== Recorded information ==

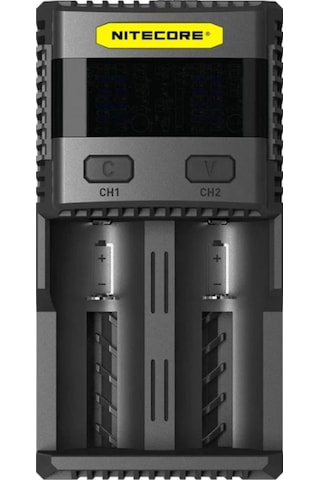 Nitecore Superb SC2 Pil Şarj Cihazı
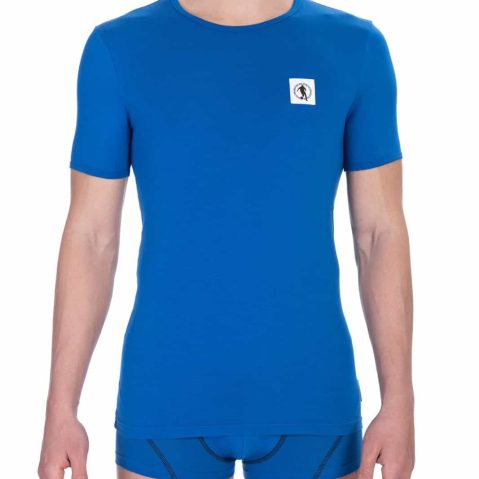 Bikkembergs BKK1UTS07SI тениска за Мъже Син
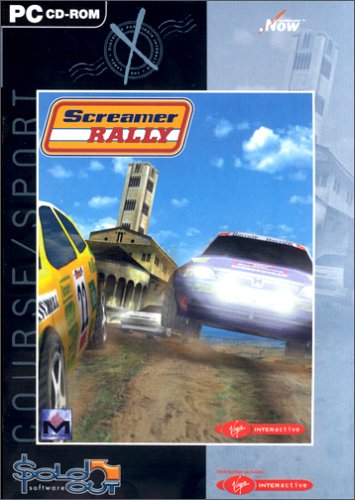 CD screamer rally (PC) (X label) (Virgin Jeux)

===

- **What the exercise asks**
Retype the data above exactly; pictures are not part of the copy.

- **Written answer**
 Nitecore Superb SC2 Pil Şarj Cihazı
 Bikkembergs BKK1UTS07SI тениска за Мъже Син
 CD screamer rally (PC) (X label) (Virgin Jeux)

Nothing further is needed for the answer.